Compliance Upgrades That Accommodate All Minnesotans

October 12, 2021

How Alliant is helping make Minnesota transportation infrastructure accessible for all.

Have you had Siri help you with directions? Pushed the electronic door button to get into a building? Used the ramps on a sidewalk to push your bike up from the road? Over 54 million Americans have one or more mental or physical disabilities that benefit from these tools every day. The Americans with Disabilities Act (ADA) is useful for everyone, yet we still have a long way to go in realizing the full benefits of the legislation.

30 Years of ADA

President George Bush signed the Americans with Disabilities Act (ADA) into law over 30 years ago. This was a huge civil rights moment that prohibited discrimination against people with disabilities. Since then, the transportation sector has added enhancements that benefit all users; from equipment like ramps and lifts, expanded signal timing for people to cross the road, priority seating on public transport, and adding braille to crosswalk buttons and transit signage. Despite these upgrades, there are still adjustments that need to be made to Minnesota’s sidewalks and ramps, to assist individuals in arriving safely at their destinations.

Moving Forward

Since 2017, MnDOT has been on a mission to evaluate all pedestrian ramps, sidewalks, trails, and shoulders throughout the state within ten years. The goal is to fix issues and build a compliant, safe, and accessible system that also creates opportunities to build connections to places that currently lack accessible routes.

MnDOT has been working with different consulting firms to help in this big undertaking. Currently, in a 3-year contract with MnDOT’s ADA team, the Alliant team of Miranda Simon and Emma Julkowski can be found out in the field using tape measures, smart levels, and an ArcGIS app to scope out issues. There are incredibly strict guidelines to follow, such as the cross slope of the sidewalk must be less than 2%. This prevents wheelchair users from having to work as hard to steer in a straight line. Installing detectable warning surfaces with proper truncated cast-iron domes at the end of a sidewalk allows visually impaired pedestrians to know the road is approaching. These are just two examples of different ramp types that are being re-evaluated to MnDOT’s newest standards. Once scoping is complete, a cost estimate is created documenting the extent of ramps, walks, or trails that need to be replaced or modified.

Not only is this a substantial project that will take years to complete but it is a complex task. “The biggest challenge is that there are a lot of constraints along these corridors that already exist.” said Emma Julkowski. “If you are in a town, there is a road on one side of the sidewalk and a building on the other. We’re really limited in meeting the constraints due to the existing layout. It is very difficult if we aren’t completely rebuilding the road. If we are rebuilding the road, there is a lot more flexibility as we can change the elevations and profile of the road to help with the sidewalk profiles.”

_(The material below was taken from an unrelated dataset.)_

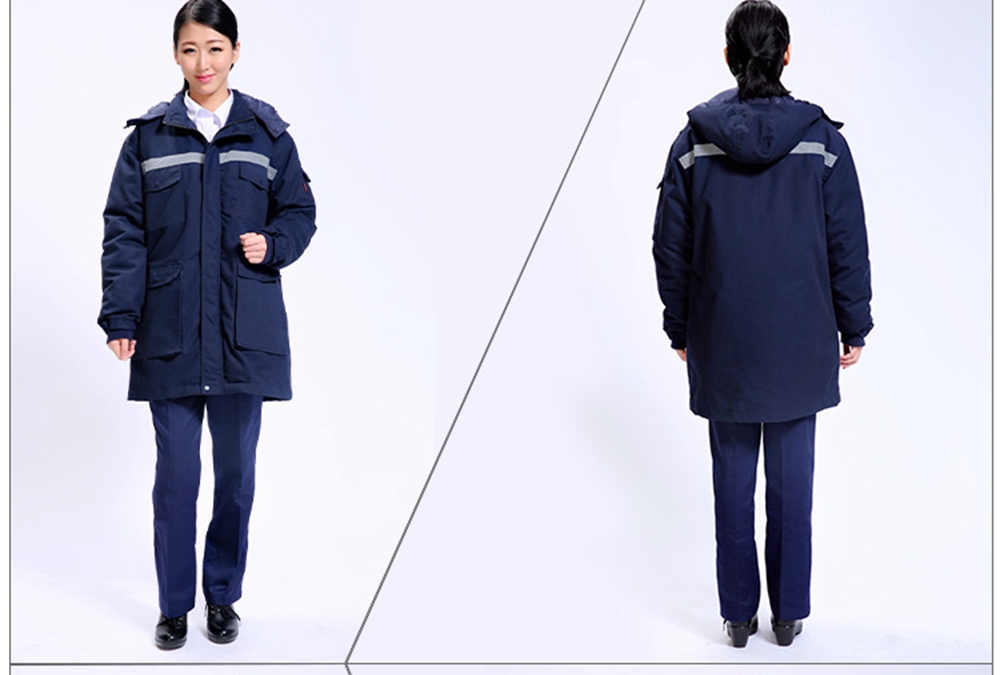 冬季棉服HMY930-31A 冬季棉服HMY930-31A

Miranda Simon explained that when scoping a corridor, they will drag their feet along each panel of sidewalk to check for trip hazards. Anything greater than ¼ of an inch can offset a wheel or trip a visually impaired person using a cane. Just one corridor can take two weeks of data collection, making sure that all areas are completely assessed, from heights of accessible pedestrian signals (APS), to trip hazards, to ramp slope.

The Finish Line

This work will make a lasting impact and will be useful for all people. MnDOT’s ADA group, headed by Todd Grugel, works incredibly hard and Alliant is so proud to be working alongside them making the Minnesota transportation system safer, more accessible, and equitable for everyone.